Done with the hard part.  Now it was time to load up on food and head home.  I was a bit sad to see that even though there was still an hour left for people to finish the course, things were being torn down.  I was glad I'd gotten my photo with the giant Nutella  and I Beat the Blerch background pre-race because as I was walking from the finish area, it was being put away.  In years past, that had always been up longer.  I don't know why they were tearing it down an hour early.  I was sad for anyone behind me that wanted a finisher photo with it. I grabbed a donut but didn't bother with any of the toppings as those too, were pretty much all put away.  Again, last year, when I finished even slower (I was playing) that stuff was still out.  Someone was in a hurry this year.

I really wanted some salt and was glancing around trying to see where they had other food located. My tired brain had forgotten it was under the covered barn area.  It was here that I spotted the Blerch creator, Matthew Inman.  I saw he was helping in the merchandise tent and figured since I didn't get a finish photo with the Nutella, I'd get one with him!  That was way better.  Even though he was busy he graciously took time to pose for a photo.  He did say he was only going to hover his arm around me though as I was covered in a layer of sweat.  Ha ha.  I told him it was more like 20 layers of sweat.  I thanked him for a great event and he asked me if I had my blueberry donut heated up on the grill.  I didn't tell him they'd already shut that part down but instead said, I wasn't really up for a hot donut after sweating in a marathon.  He laughed and said something along the lines of, "Oh yes, just what you want after a hot run ... a donut heated up on a grill".  Anyway,  he was super nice and friendly and that was a better finisher photo than a giant jar of Nutella.
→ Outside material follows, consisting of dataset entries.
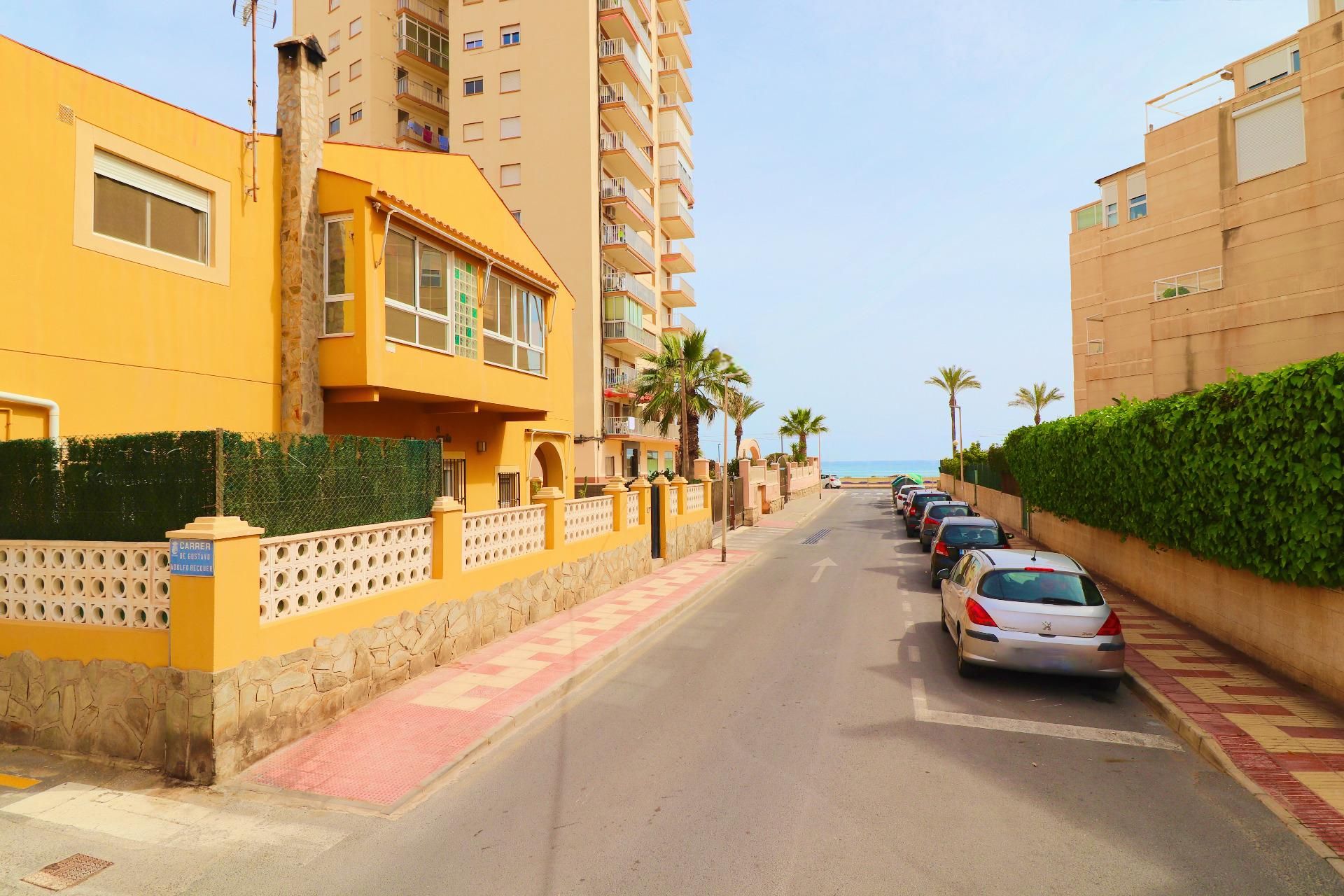 Casa o xalet en venda a Calle ISAAC PERAL, 4, Playa Muchavista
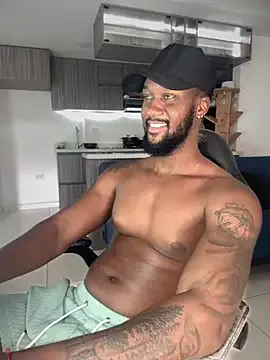 AishaHart – webcam model profile photo Image 11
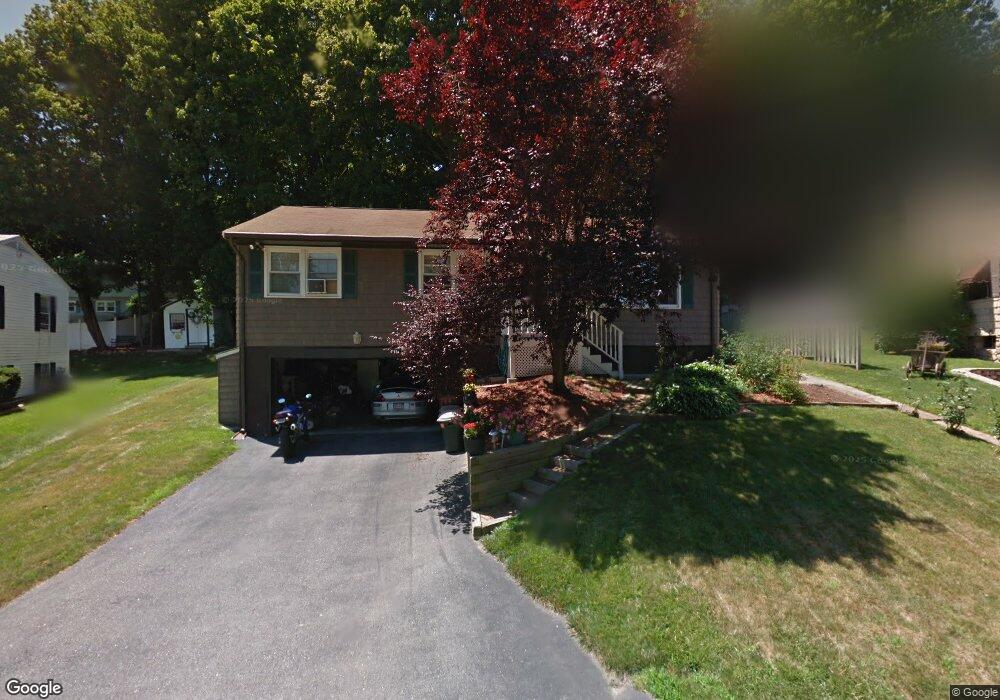 17 Belvidere Cir, Lowell, MA 01852 - photo 1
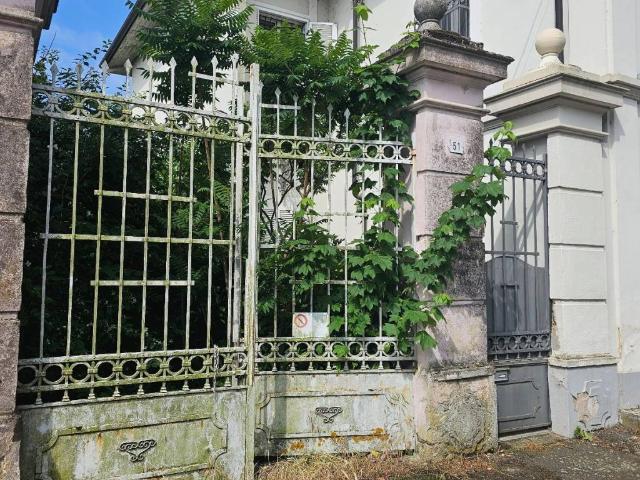 Villa Indipendente in vendita a Piemonte, Vercelli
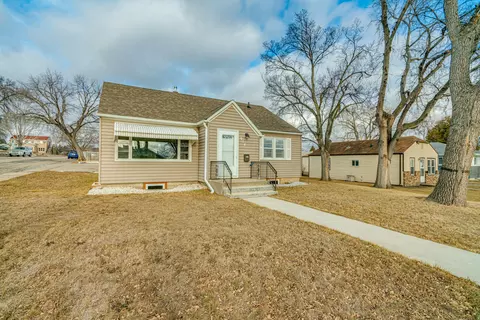 954 Riverview Ave, Bismarck, ND 58504 photo 1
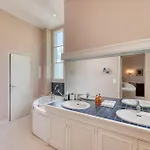Chateau Optical Center Hotel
I finally recalled where they had the cake and they had plenty of it.  Potato chips were here also and I grabbed a few of those because I really wanted salt.  I then found a spot in the grass to sit and take a couple photos of my medal and enjoy my food.



Food!  Um, remind me not to wear a visor with pigtails again.  My hair is a mess!!  Ha ha!
It was another successful and enjoyable Blerch race and I'm glad I signed up for it.  If I can, I'll be back next year and hopefully with some friends!



Race Swag!

Post race relaxation in my new Blerch Tee that I bought at the merchandise tent.